The term "polymer" derives from the ancient Greek word πολύς (polus, meaning "many, much") and μέρος (meros, meaning "parts"), and refers to a molecule whose structure is composed of multiple repeating units, from which originates a characteristic of high relative molecular mass and attendant properties.[6] The units composing polymers derive, actually or conceptually, from molecules of low relative molecular mass.[7] The term was coined in 1833 by Jöns Jacob Berzelius, though with a definition distinct from the modern IUPAC definition.[8][9] The modern concept of polymers as covalently bonded macromolecular structures was proposed in 1920 by Hermann Staudinger, who spent the next decade finding experimental evidence for this hypothesis.[10]

Polymers are studied in the fields of biophysics and macromolecular science, and polymer science (which includes polymer chemistry and polymer physics). Historically, products arising from the linkage of repeating units by covalent chemical bonds have been the primary focus of polymer science; emerging important areas of the science now focus on non-covalent links. Polyisoprene of latex rubber and the polystyrene of styrofoam are examples of polymeric natural/biological and synthetic polymers, respectively. In biological contexts, essentially all biological macromolecules—i.e., proteins (polyamides), nucleic acids (polynucleotides), and polysaccharides—are purely polymeric, or are composed in large part of polymeric components—e.g., isoprenylated/lipid-modified glycoproteins, where small lipidic molecule and oligosaccharide modifications occur on the polyamide backbone of the protein.[11]

Common examples

Polymers are of two types:
Most commonly, the continuously linked backbone of a polymer used for the preparation of plastics consists mainly of carbon atoms. A simple example is polyethylene ('polythene' in British English), whose repeating unit is based on ethylene monomer. However, other structures do exist; for example, elements such as silicon form familiar materials such as silicones, examples being Silly Putty and waterproof plumbing sealant. Oxygen is also commonly present in polymer backbones, such as those of polyethylene glycol, polysaccharides (in glycosidic bonds), and DNA (in phosphodiester bonds).

Polymer synthesis

 
The repeating unit of the polymer polypropylene

Polymerization is the process of combining many small molecules known as monomers into a covalently bonded chain or network. During the polymerization process, some chemical groups may be lost from each monomer.

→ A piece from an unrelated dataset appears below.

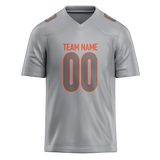 Custom Silver & Gray Colors Design Sports Football Jersey FT01CB040403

This is the case, for example, in the polymerization of PET polyester.
The monomers are terephthalic acid (HOOC-C6H4-COOH) and ethylene glycol (HO-CH2-CH2-OH) but the repeating unit is -OC-C6H4-COO-CH2-CH2-O-, which corresponds to the combination of the two monomers with the loss of two water molecules. The distinct piece of each monomer that is incorporated into the polymer is known as a repeat unit or monomer residue.

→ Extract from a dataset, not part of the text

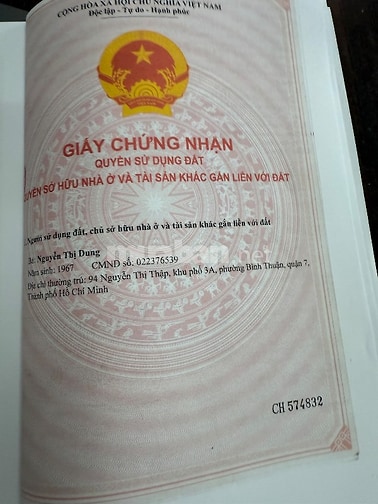 CHÍNH CHỦ BÁN NHÀ Q7 CHỈ 790 TRIỆU CÁCH MẶT TIỀN 98 NGUYỄN THỊ THẬP Q7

Laboratory synthetic methods are generally divided into two categories, step-growth polymerization and chain-growth polymerization.[12] The essential difference between the two is that in chain growth polymerization, monomers are added to the chain one at a time only,[13] such as in polyethylene, whereas in step-growth polymerization chains of monomers may combine with one another directly,[14] such as in polyester. However, some newer methods such as plasma polymerization do not fit neatly into either category. Synthetic polymerization reactions may be carried out with or without a catalyst. Laboratory synthesis of biopolymers, especially of proteins, is an area of intensive research.

Biological synthesis

Microstructure of part of a DNA double helix biopolymer
 
There are three main classes of biopolymers: polysaccharides, polypeptides, and polynucleotides. In living cells, they may be synthesized by enzyme-mediated processes, such as the formation of DNA catalyzed by DNA polymerase. The synthesis of proteins involves multiple enzyme-mediated processes to transcribe genetic information from the DNA to RNA and subsequently translate that information to synthesize the specified protein from amino acids. The protein may be modified further following translation in order to provide appropriate structure and functioning.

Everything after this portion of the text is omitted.